S'agissant de la construction de la nation, ne penses-tu pas que nous sommes encore prisonniers de la vision typiquement française qui veut que la nation s'édifie à partir d'un centre politique ? Ce que l'on nomme par raccourci le jacobinisme centralisateur ? (Mais la Convention n'a fait que poursuivre le travail accompli au moins depuis Louis XI, c'est-à-dire la soumission progressive de la périphérie plurielle à un centre unique et normatif). Cette vision a bien fait les affaires de notre pouvoir d'état qui a jusqu'à présent dissimulé sa véritable nature de despotisme oriental sous des apparences d'État jacobin. Le concept d'État moderne est synonyme de redistribution des pouvoirs au sein de la société. Or, de ce côté, il n'y a rien à attendre de la caste militaro-compradore qui règne en maître sur notre pays ; d'autant moins à en attendre que le pouvoir d'État est le lieu de la réalisation de la rente avec la formidable corruption qu'elle génère. Il faut, dès lors, avoir l'audace de penser l'édification de la nation à partir de la base ; ce qui suppose de travailler à l'affaiblissement du pouvoir despotique.

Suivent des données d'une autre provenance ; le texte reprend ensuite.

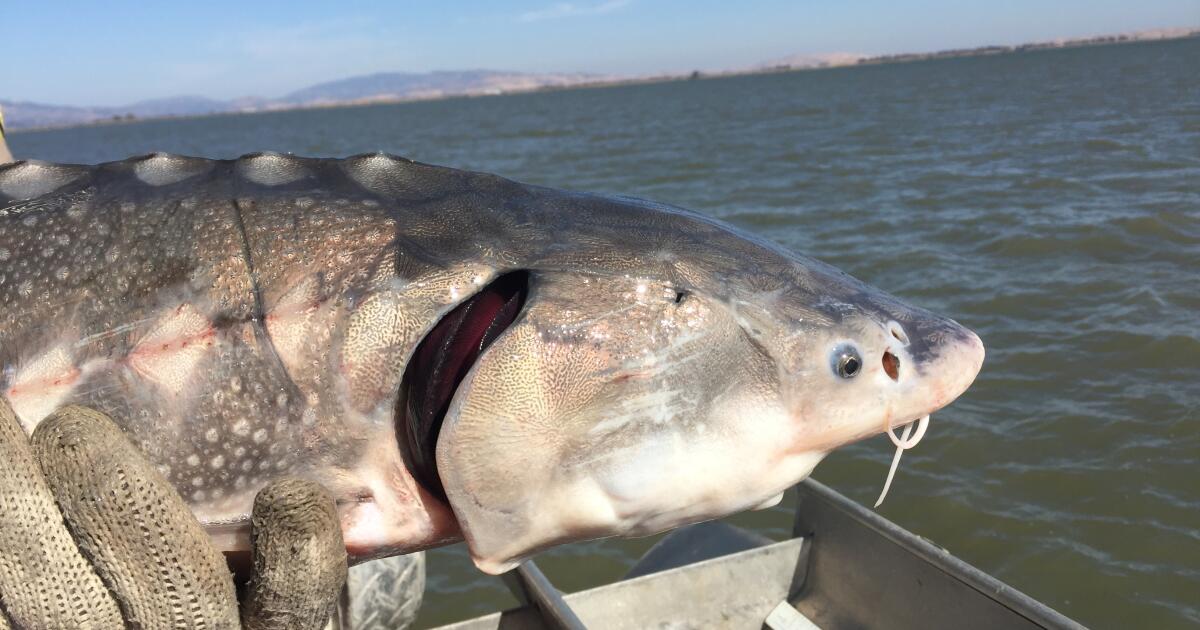 La Californie pourrait déclarer l'esturgeon blanc espèce menacée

De la même manière, je pense que nous avons le devoir de produire une évaluation plus objective de la colonisation française. Le mouvement national moderne, à partir de l'émir Khaled, a été le fait des avant-gardes formées par l'école française ; ce qui veut dire qu'en même pas un siècle, les Algériens ont commencé à accéder à une conscience politique moderne, alors que ce processus a pris des centaines d'années à d'autres peuples. Comme nous devrions produire une évaluation tout aussi objective des 3 siècles de domination ottomane à laquelle on fait très rarement référence, comme si les diktats de Mouloud Kassim -qualifiant cette domination de « nationale »- avaient toujours cours. Et pourtant, il y aurait à dire sur cette séquence historique et ses graves séquelles : confiscation du pouvoir par une junte (les Janissaires), économie de prédation (piraterie et pression fiscale), exacerbation des rivalités tribales (tribus ra'iya contre tribus makhzen), etc..

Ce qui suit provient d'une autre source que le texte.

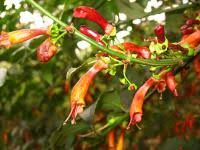 Image result for Halleria elliptica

Je ne suis pas d'avis de considérer l'ANP comme une institution étatique (d'ailleurs, il n'y a pas d'institutions au plein sens du mot, chez nous). L'ANP est encore et toujours un appareil répressif obéissant à une logique, même pas étatiste, mais clanique et régionaliste. L'ANP est toujours à l'est comme la SM est toujours à l'ouest et à la Kabylie : l'héritage des équilibres de Boukharrouba court toujours. L'épisode tragique du FIS a illustré avec éclat cette vérité : le FIS a bien passé un accord avec l'ANP, via Bendjedid (cf les révélations de Taleb Ahmed); mais la SM, de concert avec les officiers du cadre français tractés par Larbi Belkheir, a promptement saboté cet accord et mené la répression dans les deux sens.

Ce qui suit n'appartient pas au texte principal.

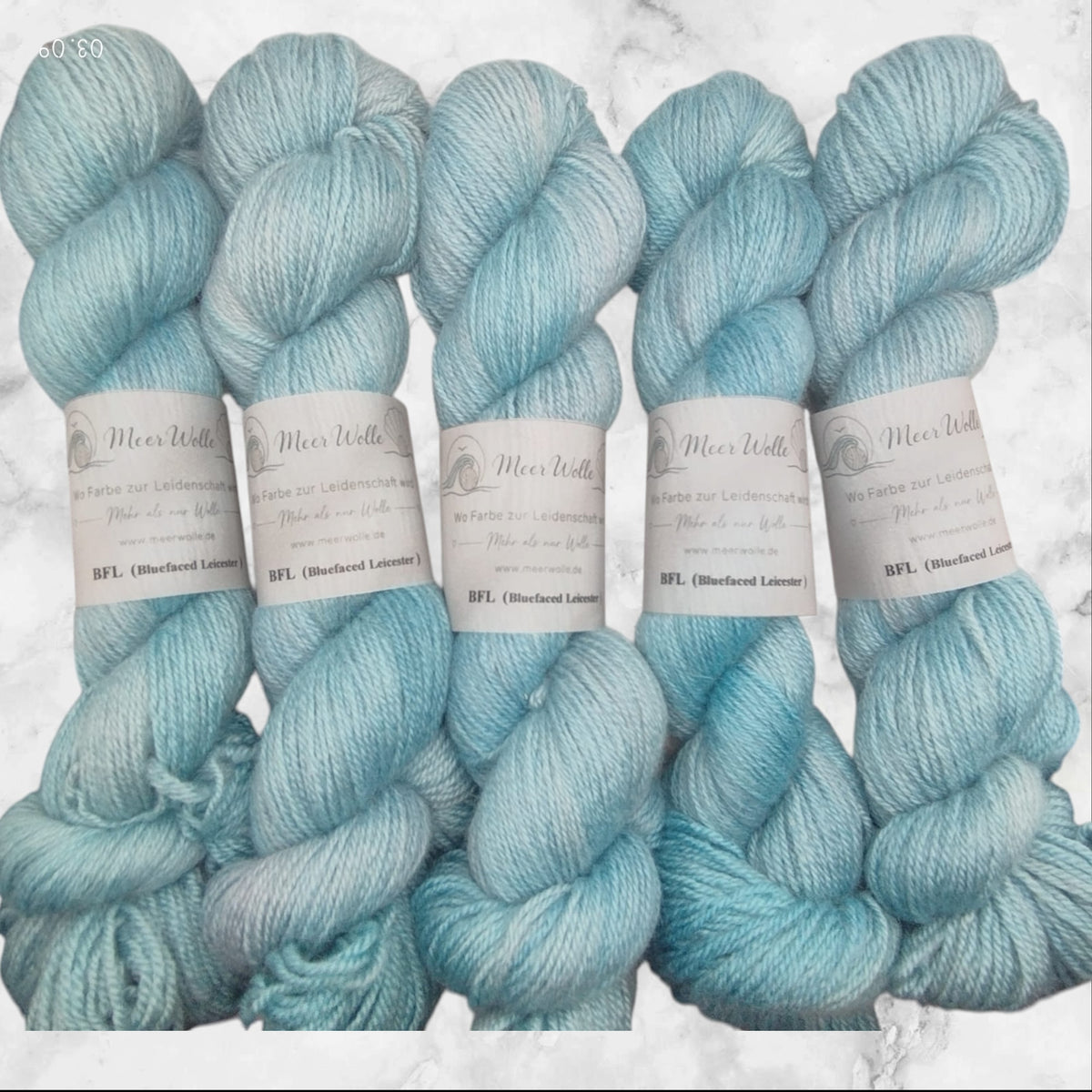 BFL – Bluefaced Leicester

Pour réprimer les islamistes, la SM et l'ANP ont utilisé les mêmes méthodes que celles de l'armée française durant la guerre d'indépendance. Combattre la barbarie par les moyens de la barbarie est une aberration que la simple conscience morale ne peut admettre. En outre, du point de vue politique et idéologique, c'est un désastre : l'hypothèque de l'islamisme n'est pas levée pour autant et les blessures terribles de cette guerre ne sont pas près de se refermer. Les islamistes sont partis à l'assaut du pouvoir ; le pouvoir -la SM- a réussi à détourner la violence qui le visait, sur la société, la divisant ainsi davantage. À mon avis, toutes ces choses maléfiques nous reviendront en pleine face dans les années qui viennent.

Voilà, cher ..., quelques considérations que m'inspire ton texte trop riche pour être ramené à ces quelques points ; mais je voulais te répondre sur quelques questions que je trouve essentielles.

Porte-toi bien, cher ami et à bientôt.